Actually, poking around the internet, it looks like wchar_t's contents
may be locale-dependent...
--
Daniel Jacobowitz
CodeSourcery
^ permalink raw reply [flat|nested] 10+ messages in thread
* Re: Iconv / Solaris
2009-08-27 2:22 Iconv / Solaris Daniel Jacobowitz
@ 2009-08-27 17:09 ` Tom Tromey
2009-08-27 17:45 ` Daniel Jacobowitz
0 siblings, 1 reply; 10+ messages in thread
From: Tom Tromey @ 2009-08-27 17:09 UTC (permalink / raw)
To: gdb-patches
>>>>> "Daniel" == Daniel Jacobowitz <drow@false.org> writes:
Daniel> Just confirming what I said on IRC: __STDC_ISO_10646__ is not defined
Daniel> anywhere, but with __sun__ your patch from here:
Daniel> http://sourceware.org/ml/gdb-patches/2009-07/msg00434.html
Daniel> fixes an otherwise broken GDB on Solaris. I think UCS-4 is right, but
Daniel> the Solaris documentation isn't clear; maybe it would be clear if I
Daniel> understood wide characters better.
Daniel> Actually, poking around the internet, it looks like wchar_t's contents
Daniel> may be locale-dependent...
Yeah :-(
I did a little digging on various sun.com sites, and all I could find is
that wchar_t will be UCS-4 if the current locale is using UTF-8. That
is not a very strong guarantee -- it means that GDB might work for some
users but not others, if there are locales where wchar_t is not UCS-4.
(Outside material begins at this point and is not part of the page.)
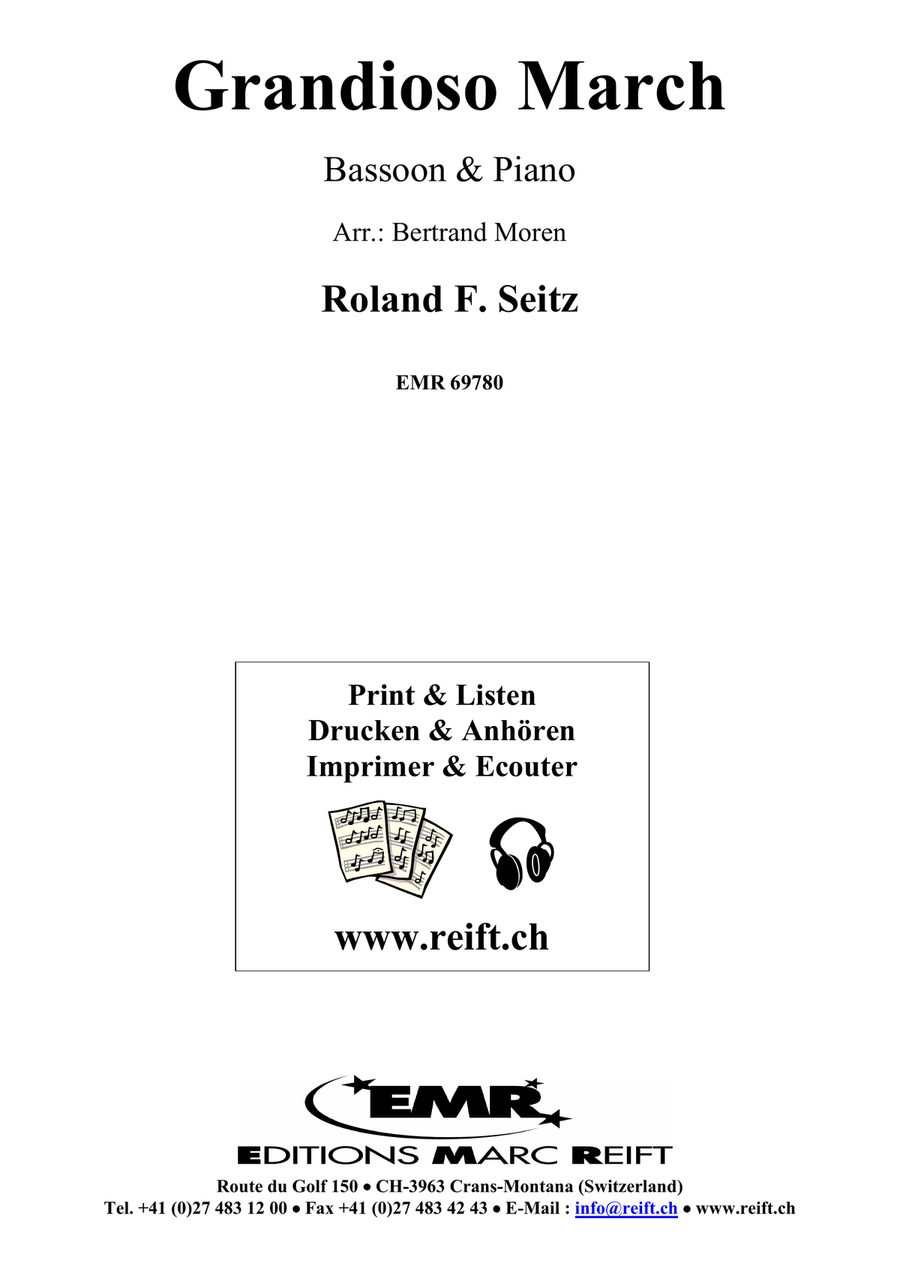 Grandioso March Grandioso March Bassoon Solo scores gallery preview page 2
The very safest thing to do is disable use of wchar_t on a platform like
this. E.g., the appended hack can be used to try it. This will provide
a user experience similar to GDB 6.8.
Alternatively, you could try using the __sun__ variant and running gdb
in a non-UTF-8 locale. If it works we could go with (a variant of) this
approach.
Finally, I looked at libiconv-1.13. It also supports converting to the
"wchar_t" encoding using mbrtowc, if that is available. I guess it must
perform an intermediate conversion. Maybe using libiconv on Solaris
would provide a better experience for your users.
Tom
*** gdb_wchar.h.~1.2.~ 2009-04-15 15:59:05.000000000 -0600
--- gdb_wchar.h 2009-08-27 10:31:01.000000000 -0600
***************
*** 47,53 ****
/* We use "btowc" as a sentinel to detect functioning wchar_t
support. */
! #if defined (HAVE_ICONV) && defined (HAVE_WCHAR_H) && defined (HAVE_BTOWC)
#include <wchar.h>
#include <wctype.h>
--- 47,53 ----
/* We use "btowc" as a sentinel to detect functioning wchar_t
support. */
! #if defined (HAVE_ICONV) && defined (HAVE_WCHAR_H) && defined (HAVE_BTOWC) && !defined (__sun__)
#include <wchar.h>
#include <wctype.h>
^ permalink raw reply [flat|nested] 10+ messages in thread
* Re: Iconv / Solaris
2009-08-27 17:09 ` Tom Tromey
@ 2009-08-27 17:45 ` Daniel Jacobowitz
2009-08-27 20:36 ` Tom Tromey
0 siblings, 1 reply; 10+ messages in thread
From: Daniel Jacobowitz @ 2009-08-27 17:45 UTC (permalink / raw)
To: gdb-patches
On Thu, Aug 27, 2009 at 11:00:41AM -0600, Tom Tromey wrote:
> Alternatively, you could try using the __sun__ variant and running gdb
> in a non-UTF-8 locale. If it works we could go with (a variant of) this
> approach.
What do we look for? That is, how would I know if it was working or
not? I can easily try an ISO-8859-1 locale, but otherwise I'm a bit
out of my depth.
--
Daniel Jacobowitz
CodeSourcery
^ permalink raw reply [flat|nested] 10+ messages in thread
* Re: Iconv / Solaris
2009-08-27 17:45 ` Daniel Jacobowitz
@ 2009-08-27 20:36 ` Tom Tromey
2009-08-27 20:38 ` Daniel Jacobowitz
0 siblings, 1 reply; 10+ messages in thread
From: Tom Tromey @ 2009-08-27 20:36 UTC (permalink / raw)
To: gdb-patches
>>>>> "Daniel" == Daniel Jacobowitz <drow@false.org> writes:
Daniel> On Thu, Aug 27, 2009 at 11:00:41AM -0600, Tom Tromey wrote:
>> Alternatively, you could try using the __sun__ variant and running gdb
>> in a non-UTF-8 locale. If it works we could go with (a variant of) this
>> approach.
Daniel> What do we look for? That is, how would I know if it was working or
Daniel> not? I can easily try an ISO-8859-1 locale, but otherwise I'm a bit
Daniel> out of my depth.
Hmm, good question.
For ISO-8859-1, it is tricky, because that is a subset of UCS-4.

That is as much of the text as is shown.